The Cipher Brief sat down with General Stanley McChrystal, the former commander of the International Security Assistance Force (ISAF), for a wide-ranging interview. The general offered his thoughts on the future of Afghanistan.
The Cipher Brief: Can the U.S. really withdraw completely from Afghanistan? Does it concern you?
GEN McChrystal: I am pretty biased towards Afghanistan and I’m emotionally tied to Afghanistan so I admit that up front. I think the U.S. has to keep a presence in Afghanistan, but I don’t know that there is a number of soldiers or there’s a number of fighter planes that defines that.

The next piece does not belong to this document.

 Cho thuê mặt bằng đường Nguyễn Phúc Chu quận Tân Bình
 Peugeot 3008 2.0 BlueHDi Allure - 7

If you think about Afghanistan’s experience, really since 1973 when the turmoil started, and the Soviet entry in 1979, the Afghans haven’t had normal now for a generation and a half. And the new normal is this nontraditional set of leaders who have taken power in places: warlords, or Taliban leaders, and what not. There is not a predictable fabric to life. Farmers plant hoping that they’ll be able to harvest, but other people have a very difficult time seeing if I raise my child this way, this is the outcome. And so I think what Afghanistan needs is some sense of predictability that there’s a linear...
TCB: A linear path?
GEN McChrystal: Yes, that’s right. And you want that linear to be better. It doesn’t have to be a huge incline. Things don’t have to get remarkably better next week, but there has to be a sense it’s going this way. Too many people in Afghanistan are just waiting for the next shoe to fall. It’s going to take some mature leadership, but it is also going to take some mature partnership on our side. When we left in 1989, when the Soviets left, we essentially turned our back {on the Afghans}. The Afghans, they were shocked, because they thought that they had helped us fight our Cold War enemy, which they had, and they had won, and they lost 1.2 million Afghans in that struggle. And then we sort of said ok, you got it, and they needed help and we weren’t there. Most of them have this sense that there’s a great likelihood this will happen again, and they read our papers and they hear our rhetoric. And so what I think we need to do is convince them that what President Obama said was true. He offered them a strategic partnership, and he didn’t put numbers on it, but he says we’ll be strategic partners with you. If we can make that credible, believed by the people, then I think that is the biggest part of this.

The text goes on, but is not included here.